もちろんその目的はK-1のチャンピオンになることであり、体重を軽くしたことで「練習してても動きがいいんですよ。これまで階級間違えてたんじゃないかっていうくらい」とも。もともとK-1 MAX出場のため70kgにしていたが、通常体重は軽いため減量も問題ないそうだ。
(11.23さいたま大会では武居由樹vsビクトー・サラビア、小宮山工介vsスタウロス・エグザコスティディスなど注目カードが続々決定)
一方、Krushでの-63kgからK-1で-65kg、現在は-67.5kgと階級を上げてきたのが木村だ。「まさか試合するとは」という城戸とは対照的に「やることになるとリアルに考えたことはなかったですけど、こういうことがあるのがK-1。やったら昂ぶる試合になると思ってたし、ヘタしたら小学生くらいから見てきた選手とやれるんだから幸せです」と言う。
旧知の仲だけに会見はなごやかな雰囲気だったものの、城戸は階級転向を「殴り込み」と表現。また木村も「自分も殴り込みくらいの気持ちでいかないと勝てない。かまします」と力強く語った。
前回の試合では元同門の久保優太と対戦した木村。「負けたのは悔しいけど、あれを経験したのとしてないのとでは選手としての成長度合いが違う」と今後への手応えを感じたようだ。城戸との対戦を光栄だとしながらも、自身もK-1のベルトを目指すだけに「一歩も引く気はない。久保選手とやった時以上の挑戦になる。気が引き締まりました」と言うコメントも残した。

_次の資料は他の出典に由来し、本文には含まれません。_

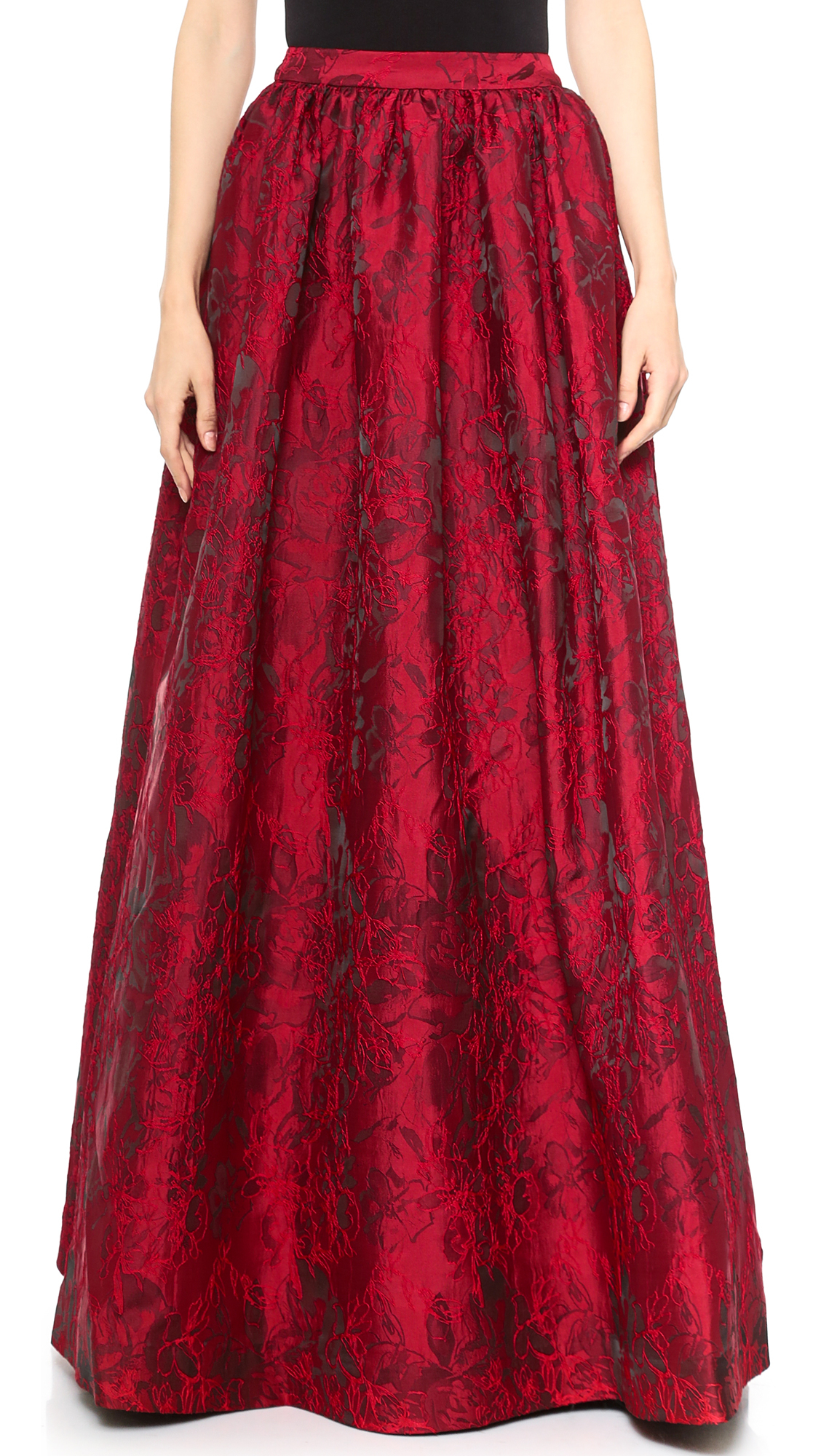 alice and olivia evening gown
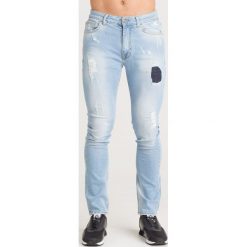 JEANSY SLIM FIT ICE PLAY. Niebieskie jeansy męskie Ice Play, m, bez wzorów. Za 365,40 zł.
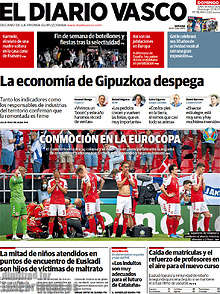 Periodico El Diario Vasco
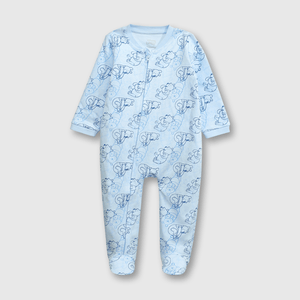 Pijama Disney Niño celeste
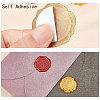100Pcs Graduation Theme Adhesive Wax Seal Stickers DIY-CP0010-54C-3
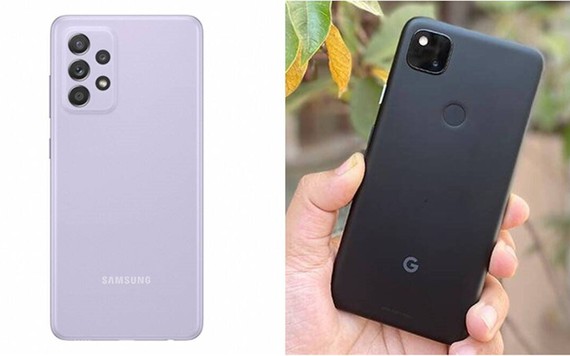 So sánh Samsung Galaxy A52 và Google Pixel 4a: Bạn nên mua điện thoại nào?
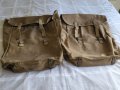 WW2 Pannier Bags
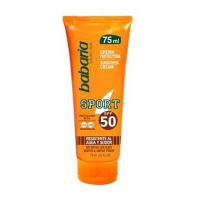Babaria Crème solaire 'Sport Waterproof SPF50' - 75 ml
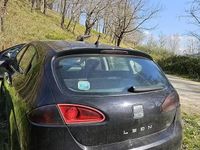 Usata Seat Leon 2007 Nero Utilitaria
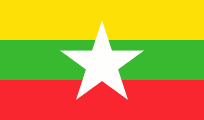 Flag image of Myanmar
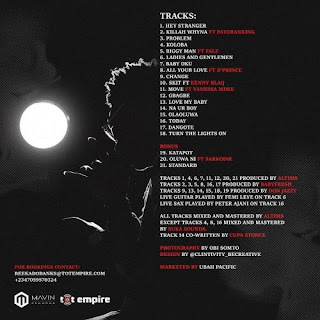 10+ Hit tracks from Reekado Banks [Man crush]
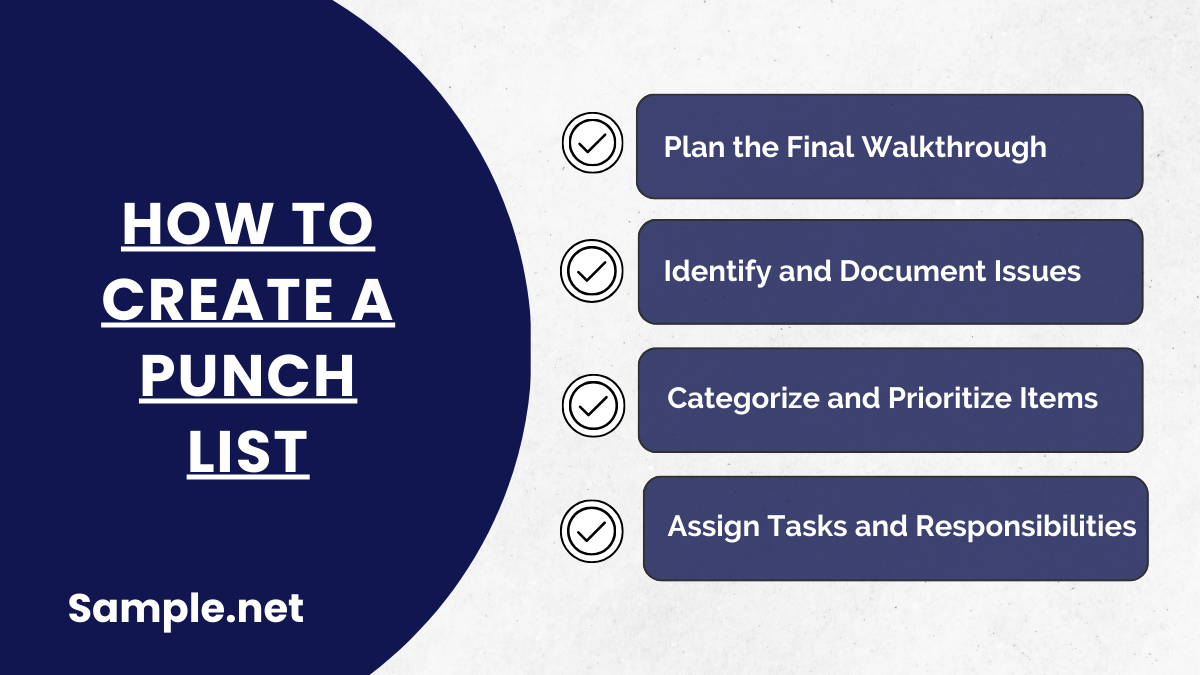 How to Create a Punch List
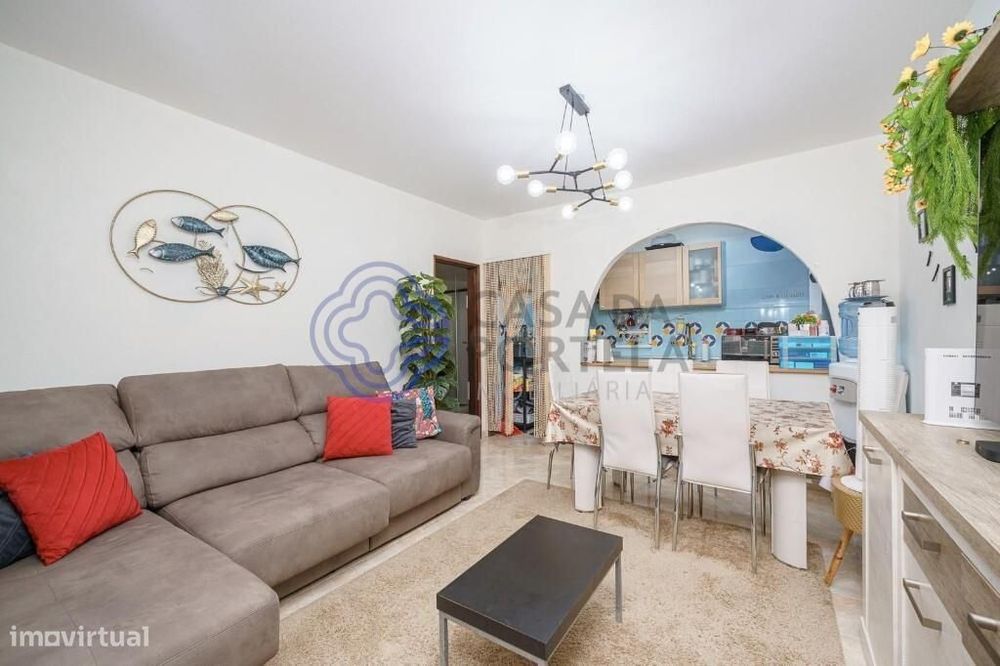 Apartamento t2 áreas amplas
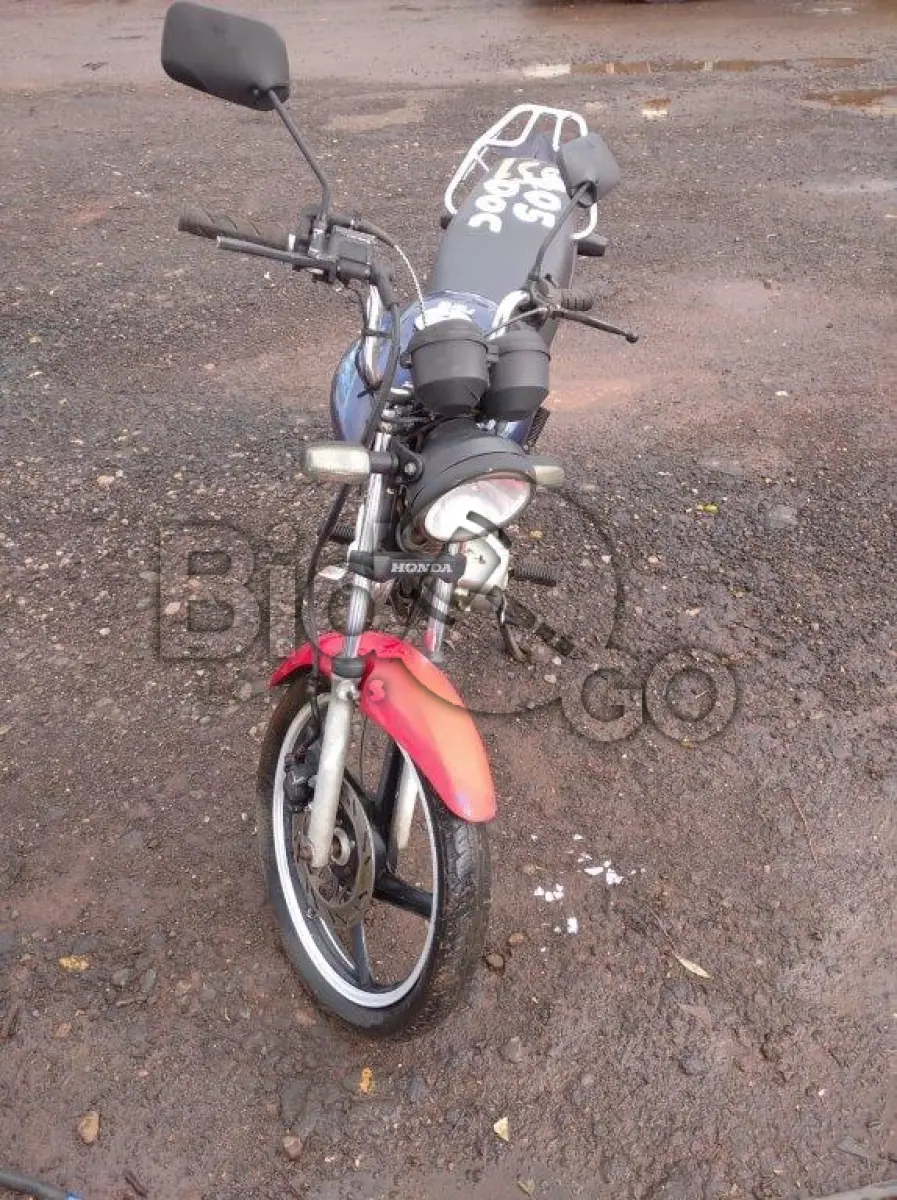 LOTE 105 - HONDA/CG 125 TITAN KS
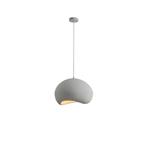 PENDANT LIGHT FIXTURES GLASS FIBER REINFORCED PLASTIC 1XE27 MAX 15W 340X300X250mm ARTE ILLUMINA AEONIC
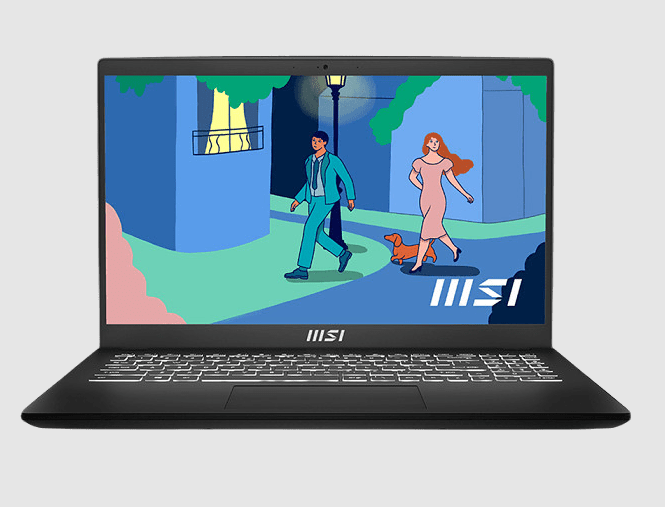 [New 100%] Laptop MSI Modern 15 B12M 628VN - Intel i5-1235U | 16GB | 15.6 inch Full HD 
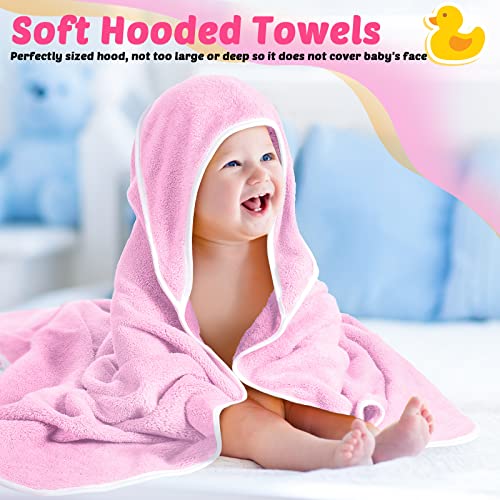 Chumia 6 Pack Baby Hooded Towel Set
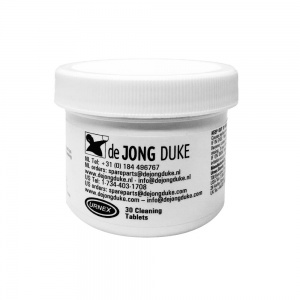 De Jong Duke Cleaning Tablets (30 Pack)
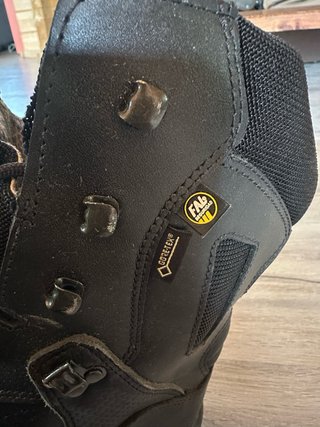 Botas de seguridad FAL Gore-Tex Negras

この一戦、夢のあるマッチメイクとも言えるが、同時にタイトル戦線のサバイバルをかけた闘いでもある。どちらの意味でもK-1らしい勝負と言えるだろう。ロー、ヒザなど蹴り技を使いこなす城戸と、当たれば必殺のパンチを持つ木村。対照的なファイトスタイルの激突という意味でも、目が離せない。